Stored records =
------------------------------------------------------------------------
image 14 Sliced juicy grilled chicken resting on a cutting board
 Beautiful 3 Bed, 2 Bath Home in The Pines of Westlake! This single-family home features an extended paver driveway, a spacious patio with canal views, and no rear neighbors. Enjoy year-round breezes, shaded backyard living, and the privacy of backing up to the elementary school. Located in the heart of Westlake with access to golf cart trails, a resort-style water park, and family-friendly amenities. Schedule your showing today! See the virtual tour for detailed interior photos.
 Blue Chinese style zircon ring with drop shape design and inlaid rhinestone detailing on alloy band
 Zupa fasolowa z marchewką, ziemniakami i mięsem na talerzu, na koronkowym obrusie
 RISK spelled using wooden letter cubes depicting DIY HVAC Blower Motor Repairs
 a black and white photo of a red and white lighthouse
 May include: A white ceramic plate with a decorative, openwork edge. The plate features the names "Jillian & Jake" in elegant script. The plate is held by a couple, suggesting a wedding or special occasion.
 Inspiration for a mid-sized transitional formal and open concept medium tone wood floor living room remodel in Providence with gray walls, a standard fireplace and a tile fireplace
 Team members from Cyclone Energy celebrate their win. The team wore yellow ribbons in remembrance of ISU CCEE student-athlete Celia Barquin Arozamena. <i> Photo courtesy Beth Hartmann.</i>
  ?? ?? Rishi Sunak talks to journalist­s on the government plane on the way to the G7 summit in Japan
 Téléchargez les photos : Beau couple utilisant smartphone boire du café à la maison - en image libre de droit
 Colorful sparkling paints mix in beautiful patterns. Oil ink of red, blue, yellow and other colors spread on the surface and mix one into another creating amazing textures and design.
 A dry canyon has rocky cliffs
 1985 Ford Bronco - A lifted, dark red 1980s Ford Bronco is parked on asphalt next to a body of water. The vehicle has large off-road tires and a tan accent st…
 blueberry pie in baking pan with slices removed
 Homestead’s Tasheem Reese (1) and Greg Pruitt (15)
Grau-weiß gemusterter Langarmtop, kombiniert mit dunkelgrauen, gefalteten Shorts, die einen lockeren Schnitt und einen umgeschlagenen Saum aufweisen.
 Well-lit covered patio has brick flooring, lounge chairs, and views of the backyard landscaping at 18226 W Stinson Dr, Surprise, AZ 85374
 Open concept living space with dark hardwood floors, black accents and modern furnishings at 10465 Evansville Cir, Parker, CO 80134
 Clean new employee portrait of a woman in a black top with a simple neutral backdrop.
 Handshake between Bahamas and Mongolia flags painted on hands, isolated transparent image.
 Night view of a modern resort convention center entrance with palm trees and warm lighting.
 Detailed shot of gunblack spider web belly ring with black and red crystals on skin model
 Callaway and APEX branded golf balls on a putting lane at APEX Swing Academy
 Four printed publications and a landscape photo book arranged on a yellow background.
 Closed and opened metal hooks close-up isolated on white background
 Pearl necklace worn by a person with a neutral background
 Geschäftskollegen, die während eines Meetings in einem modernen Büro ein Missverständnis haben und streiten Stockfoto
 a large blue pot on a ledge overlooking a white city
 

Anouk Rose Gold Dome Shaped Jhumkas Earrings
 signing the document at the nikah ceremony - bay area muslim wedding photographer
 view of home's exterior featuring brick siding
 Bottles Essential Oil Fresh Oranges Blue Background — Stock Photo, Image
------------------------------------------------------------------------
Return the records exactly, character for character.

image 14 Sliced juicy grilled chicken resting on a cutting board
 Beautiful 3 Bed, 2 Bath Home in The Pines of Westlake! This single-family home features an extended paver driveway, a spacious patio with canal views, and no rear neighbors. Enjoy year-round breezes, shaded backyard living, and the privacy of backing up to the elementary school. Located in the heart of Westlake with access to golf cart trails, a resort-style water park, and family-friendly amenities. Schedule your showing today! See the virtual tour for detailed interior photos.
 Blue Chinese style zircon ring with drop shape design and inlaid rhinestone detailing on alloy band
 Zupa fasolowa z marchewką, ziemniakami i mięsem na talerzu, na koronkowym obrusie
 RISK spelled using wooden letter cubes depicting DIY HVAC Blower Motor Repairs
 a black and white photo of a red and white lighthouse
 May include: A white ceramic plate with a decorative, openwork edge. The plate features the names "Jillian & Jake" in elegant script. The plate is held by a couple, suggesting a wedding or special occasion.
 Inspiration for a mid-sized transitional formal and open concept medium tone wood floor living room remodel in Providence with gray walls, a standard fireplace and a tile fireplace
 Team members from Cyclone Energy celebrate their win. The team wore yellow ribbons in remembrance of ISU CCEE student-athlete Celia Barquin Arozamena. <i> Photo courtesy Beth Hartmann.</i>
  ?? ?? Rishi Sunak talks to journalist­s on the government plane on the way to the G7 summit in Japan
 Téléchargez les photos : Beau couple utilisant smartphone boire du café à la maison - en image libre de droit
 Colorful sparkling paints mix in beautiful patterns. Oil ink of red, blue, yellow and other colors spread on the surface and mix one into another creating amazing textures and design.
 A dry canyon has rocky cliffs
 1985 Ford Bronco - A lifted, dark red 1980s Ford Bronco is parked on asphalt next to a body of water. The vehicle has large off-road tires and a tan accent st…
 blueberry pie in baking pan with slices removed
 Homestead’s Tasheem Reese (1) and Greg Pruitt (15)
Grau-weiß gemusterter Langarmtop, kombiniert mit dunkelgrauen, gefalteten Shorts, die einen lockeren Schnitt und einen umgeschlagenen Saum aufweisen.
 Well-lit covered patio has brick flooring, lounge chairs, and views of the backyard landscaping at 18226 W Stinson Dr, Surprise, AZ 85374
 Open concept living space with dark hardwood floors, black accents and modern furnishings at 10465 Evansville Cir, Parker, CO 80134
 Clean new employee portrait of a woman in a black top with a simple neutral backdrop.
 Handshake between Bahamas and Mongolia flags painted on hands, isolated transparent image.
 Night view of a modern resort convention center entrance with palm trees and warm lighting.
 Detailed shot of gunblack spider web belly ring with black and red crystals on skin model
 Callaway and APEX branded golf balls on a putting lane at APEX Swing Academy
 Four printed publications and a landscape photo book arranged on a yellow background.
 Closed and opened metal hooks close-up isolated on white background
 Pearl necklace worn by a person with a neutral background
 Geschäftskollegen, die während eines Meetings in einem modernen Büro ein Missverständnis haben und streiten Stockfoto
 a large blue pot on a ledge overlooking a white city
 

Anouk Rose Gold Dome Shaped Jhumkas Earrings
 signing the document at the nikah ceremony - bay area muslim wedding photographer
 view of home's exterior featuring brick siding
 Bottles Essential Oil Fresh Oranges Blue Background — Stock Photo, Image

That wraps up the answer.